The Colombian paramilitary, many of them former members of the Armed Forces, are part of their reserves and are the drug-traffickers’ best allies and protectors.

The so-called civilian personnel that would accompany the troops in the Colombian bases are, as a rule, expertly trained former American soldiers hired by such private companies as Blackwater, widely known for its crimes in Iraq and elsewhere in the world.

A country with self-respect needs no U.S. mercenaries, troops, or military bases to fight drug trafficking, protect the people in case of natural disasters or to provide humanitarian cooperation to other peoples.

Cuba is a country that does not have a drug problem or high rates of violent deaths – in fact the rate of such deaths decreases every year.

Threat to all Latin America
The only purpose of these bases for the United States is to place Latin America within reach of its troops in a matter of hours. The top military commanders of Brazil were very upset by the unexpected news of the agreement to establish U.S. military bases in Colombia. The Palanquero base is very close to the Brazilian border.

These bases and those in the Islas Malvinas [Falkland Islands], Paraguay, Peru, Honduras, Aruba, Curacao and others leave not a single location in Brazil and the rest of South America beyond reach of the U.S. Southern Command. Using its most advanced carrier aircraft, it can be on the spot within hours with troops and sophisticated combat equipment.

The best experts on the subject have provided all necessary data to prove the military scope of the Yankee-Colombian accord. This program, including the reactivation of the Fourth Fleet, was designed by Bush and inherited by the current U.S. administration. Some South American leaders are asking due clarification of U.S. military policy in Latin America. Nuclear aircraft-carriers are not required to combat drugs.

The most immediate objective of that plan is to eliminate the Bolivarian revolutionary process and to assure U.S. control over Venezuela’s oil and other natural resources. Moreover, the empire does not accept the competition of new emerging economies in its backyard or the existence of truly independent countries in Latin America. And it counts on the reactionary oligarchy, the fascist Right, and its control over the most important media, both internally and externally. It will never grant support to anything resembling true equity and social justice.

The Latin American migration to the United States is the consequence of underdevelopment, the result of U.S. plundering of our countries and of unequal exchange with the industrialized countries.

Mexico was forcibly removed from Latin America through the Free Trade Agreement with the United States and Canada. Most of the 12 million illegal immigrants in the USA are Mexicans, as are most of the hundreds who perish every year along the fence separating these nations.

Amid the current international economic crisis, the rate of extreme poverty in Mexico – a country with a population of 107 million – has reached 18 per cent, while more than half of the population lives in poverty.

Martí’s insight
During the life of Marti, the apostle of our independence, his major source of concern was annexation to the United States. After 1889 he became aware that this was the greatest danger for Latin America. He always dreamed of the Grand Homeland, from the Rio Bravo to Patagonia; and he died for it and for Cuba.

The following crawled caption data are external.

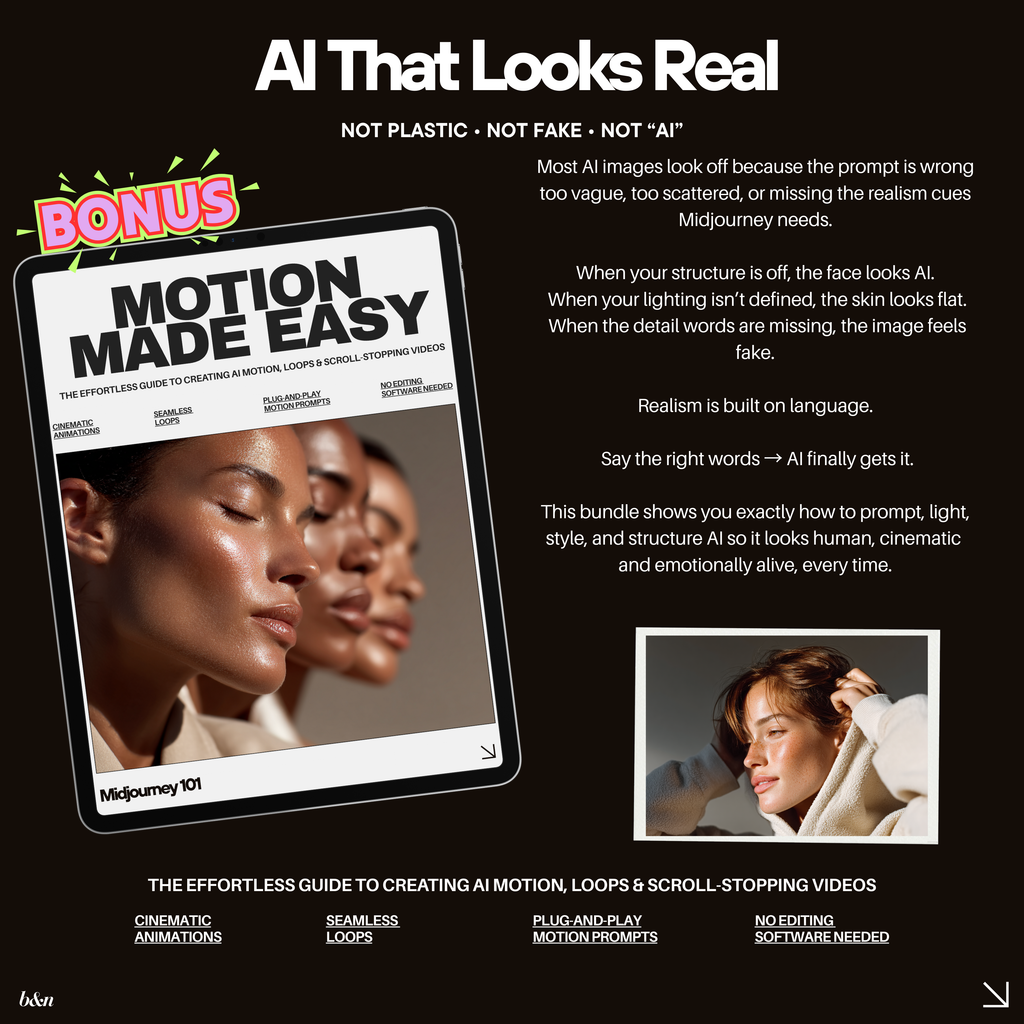 AI Creative Starter Bundle | Hyperrealism 101 + Midjourney 101 + Bold Vision Image Library + Motion Made Easy (Bonus)
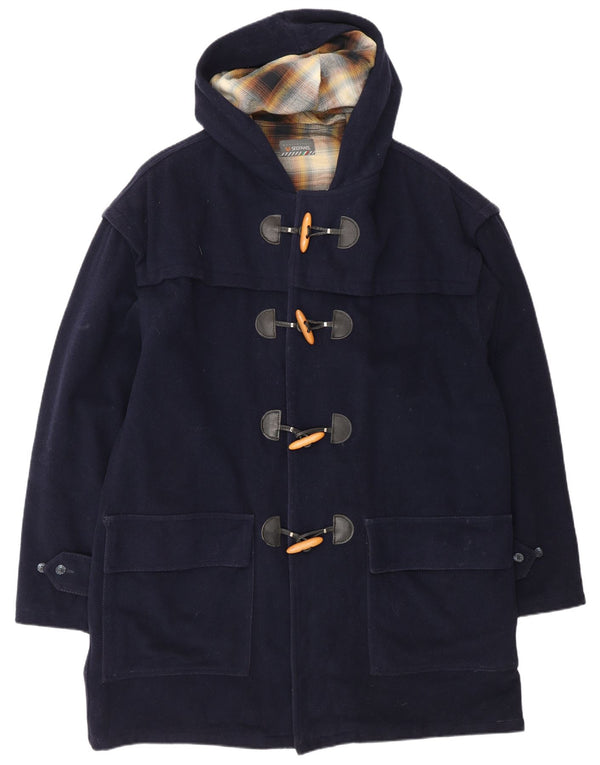 Stefanel Herre Loose Fit Hooded Duffel Coat UK 42 XL Navy Blue Wool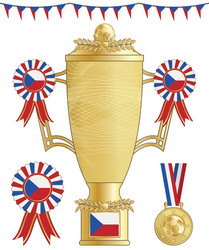 czech republic football trophy vector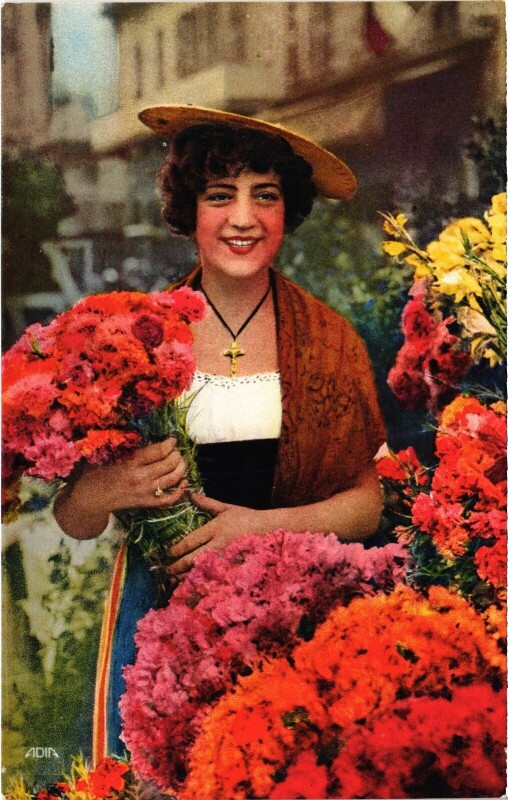 Carte postale ancienne Nice Marchande de Fleurs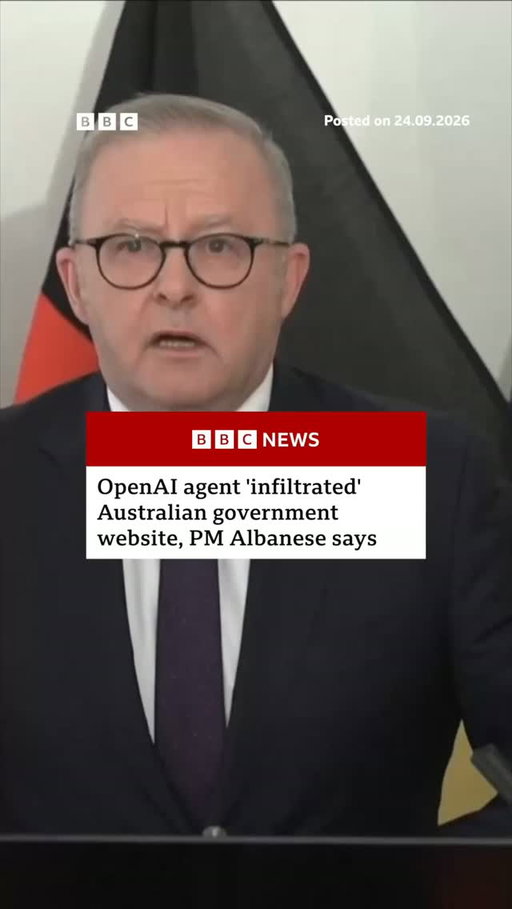 Australia's Prime Minister Anthony Albanese has disclosed that an artificial intelligence agent developed by US firm OpenAI hacked a government portal.

It is believed to be one of the world's first publicly reported AI-led hacks of a government website - and comes as world leaders and AI firms themselves call for urgent regulation amid fears the industry's development is speeding out of control.

Tap the link in @BBCNews's bio to follow the latest on the story.

#BBCNews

On January 10, 1891 he published an essay in the New York Illustrated Review under the title “Our America,” in which he wrote the unforgettable words, “The trees must form ranks to hold back the giant with seven-league boots! It is the time to gather and to march together, as closely united as the veins of silver at the roots of the Andes.”

Four years later, after his landing at Playitas in the eastern province of Cuba, territory held by the insurrectionists, he met on May 2, 1895, with the Herald journalist George E. Bryson, who told him that, in an interview with the celebrated General Arsenio Martinez Campos, the Spanish officer had said that he would rather surrender Cuba to the United States than accept its independence.

Marti was so impressed by the news that on May 18 he sent his Mexican friend Manuel Mercado the renowned posthumous letter where he wrote of “the road that is to be blocked off, and is being blocked off by our blood – the road of annexing our American nations to the brutal and turbulent North, which despises them.”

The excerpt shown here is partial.